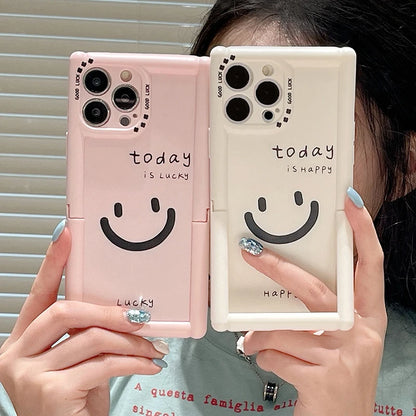 Cute Phone Cases - Lucky Happy Smile Holder Stand Case for iPhone 15/14/13/12 Pro Max - TSP292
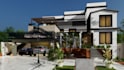 design house exterior model, 3d rendering, walkthrough
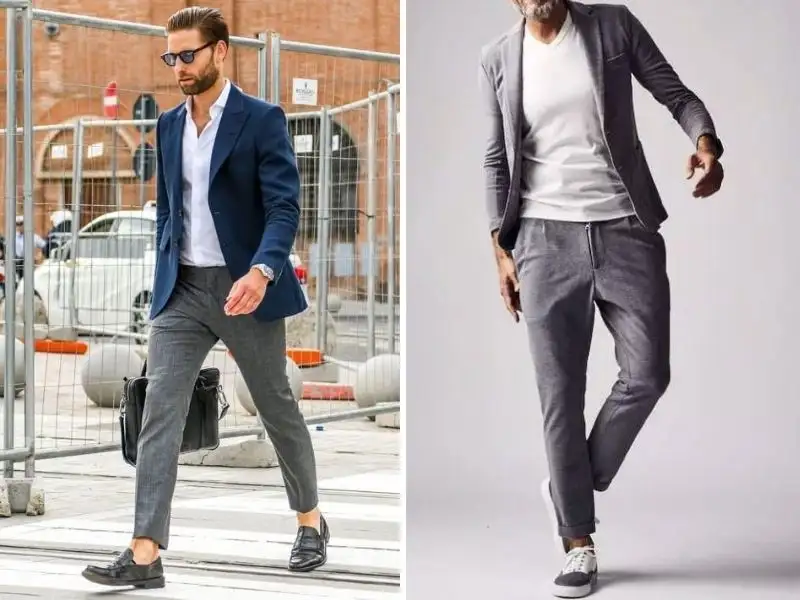 Jeans xám cùng blazer phù hợp cả khi làm hay trong cuộc sống hàng ngày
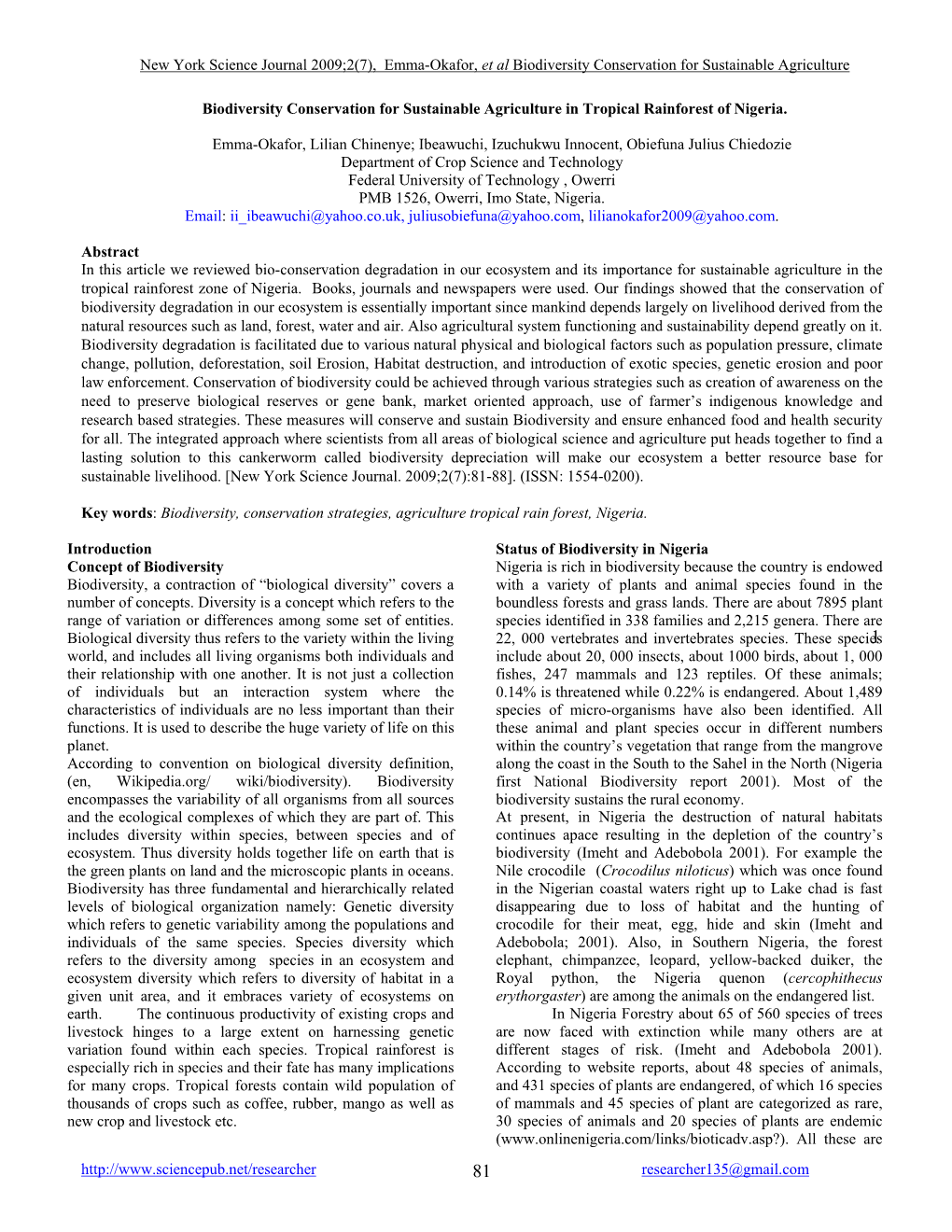 Biodiversity Conservation for Sustainable Agriculture in Tropical Rainforest of Nigeria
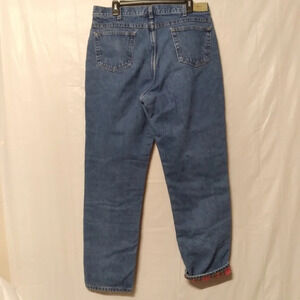 LL Bean Red Plaid Lined Denim Jeans Vintage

◆ **YOUR TASK**:
Print each line of the listing exactly and include no pictures.

◆ **RESPONSE**:
 Cute Phone Cases - Lucky Happy Smile Holder Stand Case for iPhone 15/14/13/12 Pro Max - TSP292
 design house exterior model, 3d rendering, walkthrough
 Jeans xám cùng blazer phù hợp cả khi làm hay trong cuộc sống hàng ngày
 Biodiversity Conservation for Sustainable Agriculture in Tropical Rainforest of Nigeria
 LL Bean Red Plaid Lined Denim Jeans Vintage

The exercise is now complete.